In your first case 0 | 1 -> .. the pattern is 0 | 1.
Aha, thanks, you're right, I didn't notice that patterns might contain |
https://ocaml.org/manual/patterns.html#pattern
because they make patterns matching less static and thus less optimisable
I don't understand why. For example, we can always convert this
match x with
| p1 when cond1
| p2 when cond2 -> expr1
| p3 -> expr2
into
let case_num = match x with
| p1 when cond1 -> 1
| p2 when cond2 -> 2
| p3 -> 3
in
match case_num with
| 1 | 2 -> expr1
| 3 -> expr2
And what happens with nested when guards:
| (A (x,y,_) when f y) | (A (y,x,_) when f y) when g x -> y
How many times should g
be called?
Similarly, what it is supposed to happen when an inner when
guard mutates the beginning of a pattern:
type ab = A |B
type t = { x:ab; y:ab; z:ab }
let x = ref (A, A, A)
let f x = match x with
| { x = A;
y = ( A when x.x <- B; x.y <- B; false | B when x.y <- A; false | A when x.z <- B; false | A );
z = B
} -> ...
But even without those difficulties, exploding all or-pattern leads to a combinatoric explosion and inefficient pattern matching.
Consider:
type t = A of t | B of t | C of t | D of t | E
let f = function
| (A _ | B _ | C _ | D _ ),
(A (A _ | B _ | C _ | D _ )
| B (A _ | B _ | C _ | D _ )
| C (A _ | B _ | C _ | D _ ) |
D (A _ | B _ | C _ | D _ ) ) -> 0
| A _, (A (A _ | B _ | C _ | D _ ) | B _ | C _ | D _ | E) -> 1
| _ -> 2
Exploding all the or-patterns lead to 72 cases, whereas the actual compiled lambda code for the pattern:
(let
(f/87 =
(function param/89 : int
(catch
(let (*match*/92 =a (field 0 param/89))
(catch
(if (isint *match*/92) (exit 1)
(let (*match*/101 =a (field 1 param/89))
(catch
(switch* *match*/101
case int 0: (exit 2)
case tag 0:
(if (isint (field 0 *match*/101)) (exit 1) (exit 4))
case tag 1:
(if (isint (field 0 *match*/101)) (exit 2) (exit 4))
case tag 2:
(if (isint (field 0 *match*/101)) (exit 2) (exit 4))
case tag 3:
(if (isint (field 0 *match*/101)) (exit 2) (exit 4)))
with (4) 0)))
with (2) (switch *match*/92 case tag 0: 1
default: (exit 1))))
with (1) 2)))
requires at most 6 nested tests. Similarly when
patterns inhibits optimization because they forbids to move around rows of the pattern matrix and make it impossible to share information between submatrix (because a function call could have rendered invalid of this information).

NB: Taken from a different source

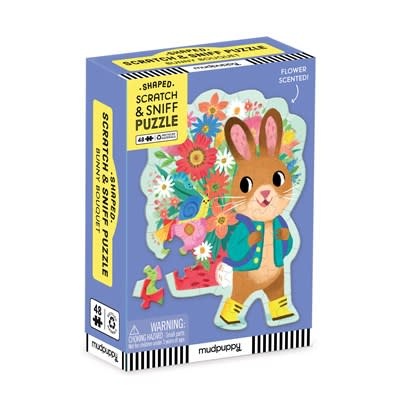 Mudpuppy Bunny Bouquet 48 Piece Scratch & Sniff Shaped Mini Puzzle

And what happens with nested when guards:
We can just forbid nested when
guards. They don't seem useful.
I'm not proposing to extend pattern
with when
. I'm proposing to make -> expr
optional in pattern-matching
for all cases except the last one https://ocaml.org/manual/expr.html#pattern-matching
So it will look like this:
pattern-matching ::= [`|`] pattern [`when` expr] `->` expr
| [`|`] pattern [`when` expr] [`->` expr] { `|` pattern [`when` expr] [`->` expr] } `|` pattern [`when` expr] `->` expr
But even without those difficulties, exploding all or-pattern leads to a combinatoric explosion and inefficient pattern matching.
We don't need to explode all of them, only top-level ones, in your example there're only 3 of them.